« Ad Astra » de James Gray : Per monstra, père monstrueux
La force des films de James Gray consiste notamment dans la douce inquiétude d’un regard mélancolique qui désamorce l’hystérie caractéristique du roman névrotique familial. « Ad Astra » n'y déroge pas, quand bien même relève-t-il pleinement du familialisme comme idéologie conformant le régime de représentation hollywoodien.
« Ad Astra », un film de James Gray (2019)

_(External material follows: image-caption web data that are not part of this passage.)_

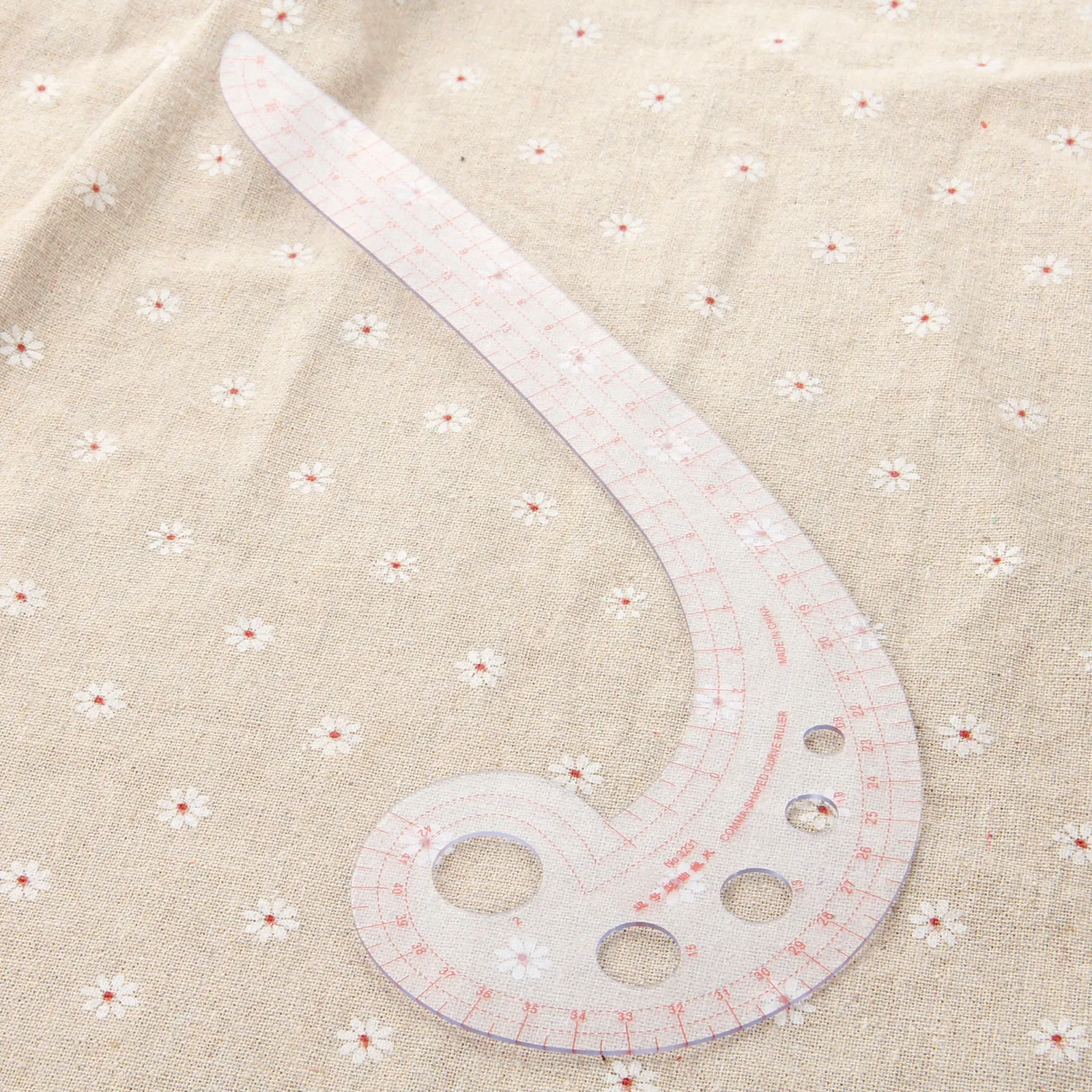 1pc Multi-function Plastic French Curve Sewing Ruler Tailor Ruler Design Making Clothing Measure Tools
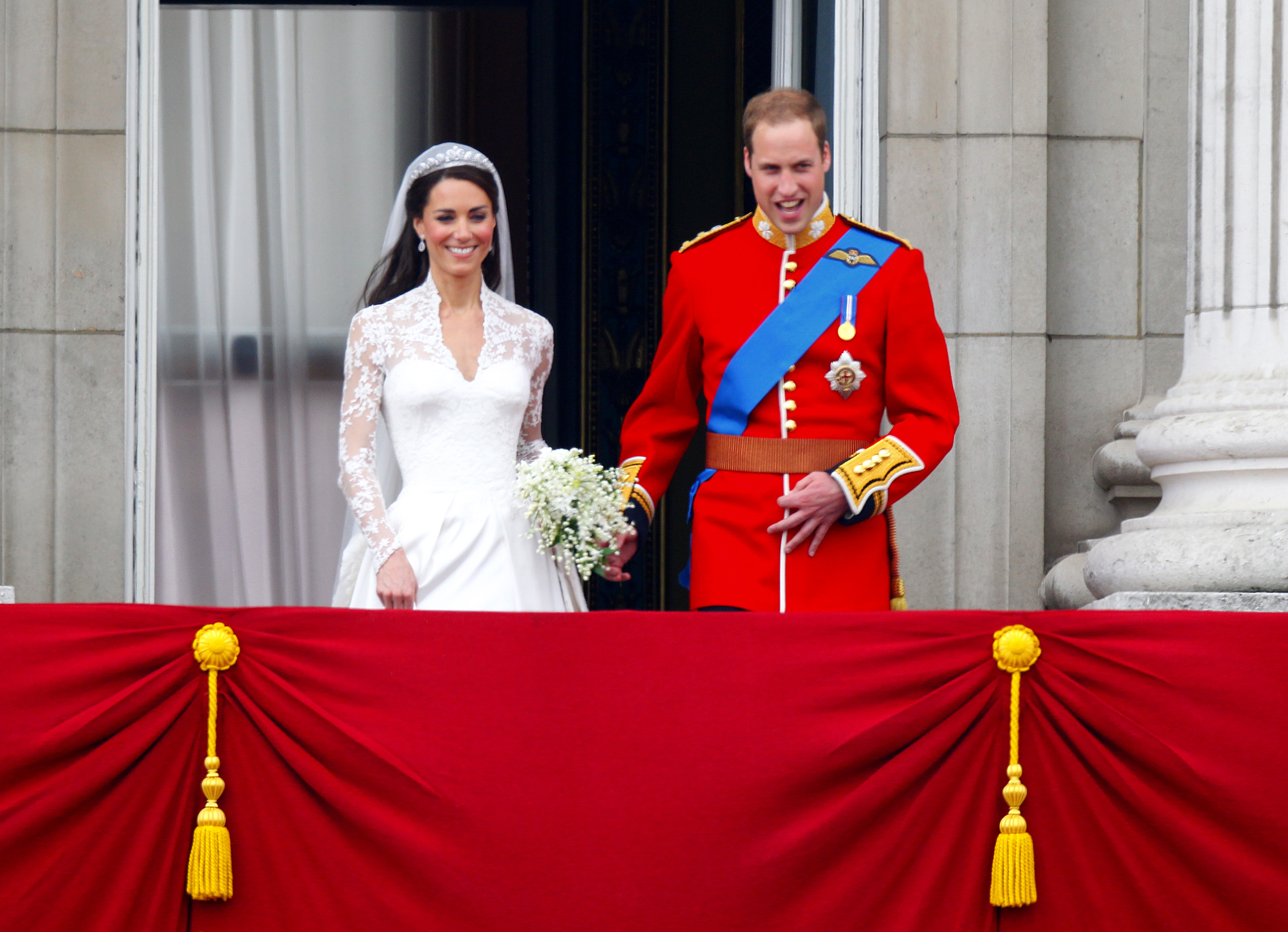 Catherine, Herzogin von Cambridge, und Prinz William begrüßen die Menge auf dem Balkon des Buckingham Palastes in London, nach ihrer Hochzeit am 29. April 2011 | Quelle: Getty Images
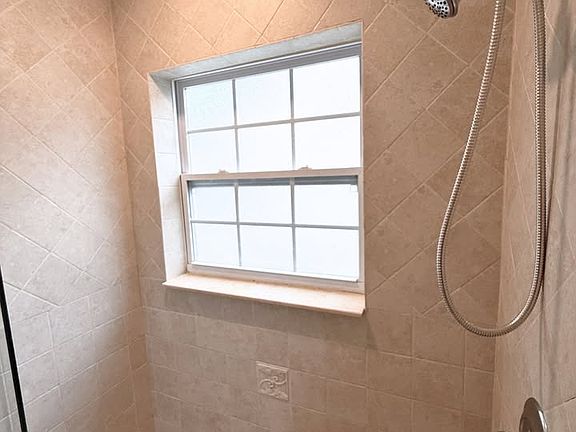4th image of 2315 Carroll Pl #1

Ad Astra ne déroge pas à l'une des principales préoccupations que l'industrie hollywoodienne nourrit à l'endroit de la science-fiction contemporaine. Gravity (2013) d'Alfonso Cuarón, Interstellar (2014) de Christopher Nolan, Arrival – Premier contact (2016) de Denis Villeneuve, First Man – Le Premier homme sur la lune (2018) de Damien Chazelle (son appartenance au genre est cependant un peu retorse puisqu'il s'agit d'une reconstitution historique matériellement appareillée à l'univers spectaculaire de la SF), tous ces films, qui sont des films d'auteur suffisamment capitalisés pour les aider à atteindre les cimes du box-office, n'ont pas d'autre souci que de projeter dans la nuit constellée l'intimité de douleurs familiales.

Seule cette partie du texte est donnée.